Whenever you try to change something there are risks involved. There are risks that the project won’t deliver or that it could run over budget, risks that benefits won’t be realised or very specific risks such as key people not being available when you need them. To ensure the decision maker is fully informed you need to include these risks, or at least the high rated risks, in the business case and rate them as to how likely they are to happen and what the consequences will be if they do eventuate. You should also outline the steps you will put in place to reduce or avoid the risk occurring.
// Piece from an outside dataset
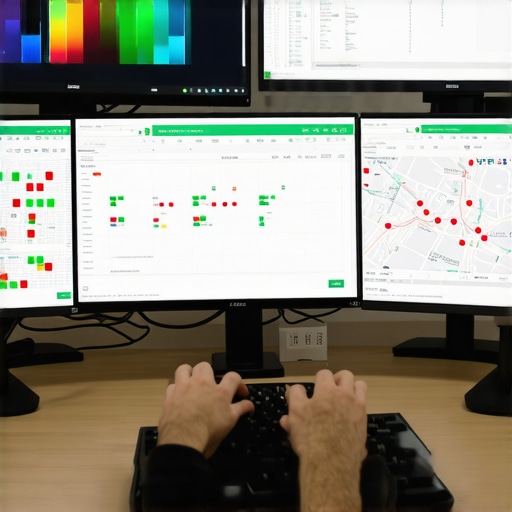 A professional using map optimization tools to track local search visibility across different city neighborhoods.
  1. Should you still proceed?

You have reached a critical decision point! This can be a tough question, should the project go ahead or should it be canned? After all the work you have done, the engagement with the business and the stakeholders getting their hopes up about the project there will be an expectation that it will proceed. As the author of the business case you need to be able to break the bad news if it doesn’t stack up. Ask yourself, if this was my money would I spend it this way?

If the cost benefit is negative or you don’t have a legislative or regulatory reason to do it, or if it is too risky, then you need to inform the decision makers of the outcome. Base your decision on the facts and don’t shy away from it or try to cover it up, because it will eventually come out that it was not viable. Hopefully you will be recognised for not wasting company funds on something that was just not worth the effort.

  1. Can everyone understand it?

When you have been intimately involved in the analysis of a project, you become, in effect, a specialist and as such you are at risk of forgetting the basics. A business case should be a stand-alone document that can be read by someone who doesn’t have the benefit of your knowledge and experience. It shouldn’t have unnecessary jargon and should explain any acronyms you use. You need to ensure that your spelling and grammar are perfect as the executive reading it will start to discount the quality of all your hard work if there are multiple errors in it. Make sure you are concise, keep unnecessary information out of the document and use the appendix to put in detail that you may think some people may like to read.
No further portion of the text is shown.